### STUDY MATERIAL

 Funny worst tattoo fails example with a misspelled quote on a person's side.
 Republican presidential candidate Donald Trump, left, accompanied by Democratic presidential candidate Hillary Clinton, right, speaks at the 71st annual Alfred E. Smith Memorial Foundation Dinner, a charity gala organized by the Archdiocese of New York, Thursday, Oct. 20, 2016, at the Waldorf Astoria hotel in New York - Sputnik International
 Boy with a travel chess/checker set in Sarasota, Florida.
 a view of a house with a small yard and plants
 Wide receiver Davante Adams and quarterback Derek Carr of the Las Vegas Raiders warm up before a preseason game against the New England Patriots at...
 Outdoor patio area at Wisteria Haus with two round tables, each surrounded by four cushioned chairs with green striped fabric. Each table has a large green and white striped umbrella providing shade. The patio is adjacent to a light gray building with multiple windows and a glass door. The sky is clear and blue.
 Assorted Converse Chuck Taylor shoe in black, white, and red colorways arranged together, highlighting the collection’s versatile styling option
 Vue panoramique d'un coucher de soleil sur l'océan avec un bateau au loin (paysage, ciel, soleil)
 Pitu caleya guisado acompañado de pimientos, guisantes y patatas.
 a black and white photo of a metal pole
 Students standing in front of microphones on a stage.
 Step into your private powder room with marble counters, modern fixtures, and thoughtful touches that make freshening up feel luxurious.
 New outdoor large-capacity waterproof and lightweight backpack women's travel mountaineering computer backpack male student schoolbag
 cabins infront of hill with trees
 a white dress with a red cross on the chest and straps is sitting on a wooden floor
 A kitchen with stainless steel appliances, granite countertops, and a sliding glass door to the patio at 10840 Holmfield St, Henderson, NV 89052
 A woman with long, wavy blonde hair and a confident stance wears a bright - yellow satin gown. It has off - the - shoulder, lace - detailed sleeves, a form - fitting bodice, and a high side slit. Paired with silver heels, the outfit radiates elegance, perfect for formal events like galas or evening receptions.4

### AIM OF THE EXERCISE
Give back exactly the lines from the first line of the records through the line holding "a view of a", including both of those lines and leaving out all others.

### RESULT OF THE EXERCISE
 Funny worst tattoo fails example with a misspelled quote on a person's side.
 Republican presidential candidate Donald Trump, left, accompanied by Democratic presidential candidate Hillary Clinton, right, speaks at the 71st annual Alfred E. Smith Memorial Foundation Dinner, a charity gala organized by the Archdiocese of New York, Thursday, Oct. 20, 2016, at the Waldorf Astoria hotel in New York - Sputnik International
 Boy with a travel chess/checker set in Sarasota, Florida.
 a view of a house with a small yard and plants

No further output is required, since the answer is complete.